I’m fine-tuning a stable diffusion model. I trained it with batch size 24 for 100k steps with A100 GPU. Now I want to scale it across many GPUs. Let’s say I want to train it on 4 GPUs, a straightforward change is to train it with batch size 24 for each GPU, which results in effective batch size of 96.
I want to resume training from the 100k checkpoint. But I’m not sure whether the saved optimizer (AdamW) expects unchanging batch size or not.
Would increasing effective batch size during training like this break the optimizer or make it converge slower than randomly initialized optimizer?
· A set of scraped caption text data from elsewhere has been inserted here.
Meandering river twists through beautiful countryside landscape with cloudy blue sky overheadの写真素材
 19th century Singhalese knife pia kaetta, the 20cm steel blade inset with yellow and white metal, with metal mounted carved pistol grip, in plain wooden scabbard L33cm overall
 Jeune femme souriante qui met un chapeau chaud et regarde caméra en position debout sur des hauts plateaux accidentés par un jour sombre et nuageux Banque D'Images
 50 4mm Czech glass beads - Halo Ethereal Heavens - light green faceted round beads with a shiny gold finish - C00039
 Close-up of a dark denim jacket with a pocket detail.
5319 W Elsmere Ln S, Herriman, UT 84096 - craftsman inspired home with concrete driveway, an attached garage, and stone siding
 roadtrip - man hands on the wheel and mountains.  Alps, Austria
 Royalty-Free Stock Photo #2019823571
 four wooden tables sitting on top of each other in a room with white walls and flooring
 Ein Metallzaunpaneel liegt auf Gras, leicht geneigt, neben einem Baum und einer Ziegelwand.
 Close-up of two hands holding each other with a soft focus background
The reason I think it could slow down the optimizer is because the optimizer might think that gradients used to be noisy so it will apply slow momentum to it. If I change to high quality gradients, it will still remember that the gradients used to be noisy and it will not apply stronger momentum, making the high quality gradients a waste of compute because it’s not taken advantage of fully.
How fast do you think the optimizer would learn to take advantage of the high quality gradients?
Is it roughly 1k steps, 10k steps, or never?

This is an interesting question! I do not think increasing the batch size while using the optimizer states from the previous training run would be an issue. I think you could either go with the old optimizer states or just start with fresh gradient statistics both would work imo.

Just worst case if you’re limited on compute, you could start with a small learning rate for a bit and then increase once you’re confident you have better gradient statistics. I haven’t seen this as a formal recommendation anywhere but it’s more just like a worse case might as well :slight_smile:

3 Likes

A tweet on the topic: https://twitter.com/Yampeleg/status/1674034884652802048

4 Likes